What Happened: Kiyosaki, known for his pro-cryptocurrency stance, took to social media X to voice his skepticism about the Fed’s policies and inflation management.
He labeled the central bank’s decisions as detrimental to the economy and suggested that Saylor’s Bitcoin strategy offers a viable hedge against these issues.
“Michael Saylor’s bold Bitcoin purchasing strategy is not just investment; it’s a fight against the Fed’s reckless policies,” Kiyosaki wrote in the post.
The author has long been an advocate for Bitcoin and other alternative assets, frequently advising followers to invest in assets like gold, silver, and cryptocurrencies to protect themselves from what he sees as the erosion of purchasing power.
Saylor’s MicroStrategy is recognized as one of the largest institutional Bitcoin holders, having spent billions acquiring the cryptocurrency.

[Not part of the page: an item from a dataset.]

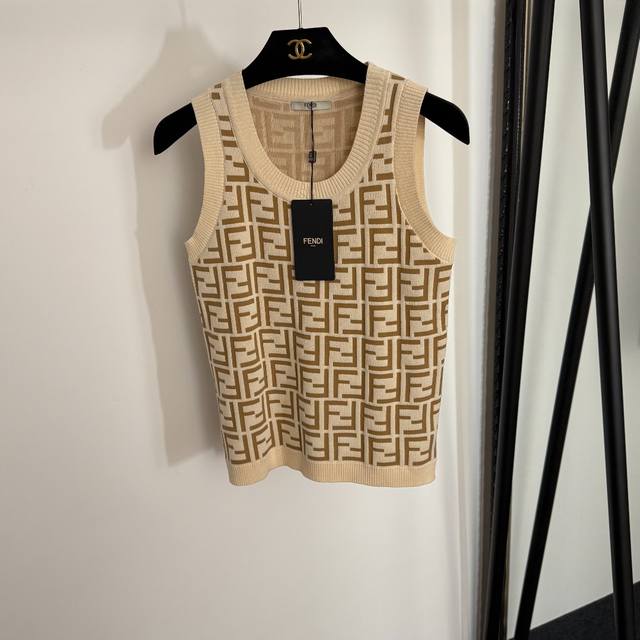 Style No. 20254264 Fend* New Monogram F Letter Jacquard Knit Vest, Apricot, Blue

Saylor maintains that Bitcoin is the ultimate store of value in a world grappling with rising inflation and economic uncertainty.
In his post Kiyosaki also praised President-elect Donald Trump and his position on Bitcoin. Kiyosaki highlighted his work with Trump and shared his belief that Trump could become the first “Bitcoin President,” a reflection of Trump’s supportive attitude toward cryptocurrency.
He wrote, “Let’s make America and the world richer again with Bitcoin.”
Kiyosaki continued to criticize fiat currencies, describing them as tools of government control.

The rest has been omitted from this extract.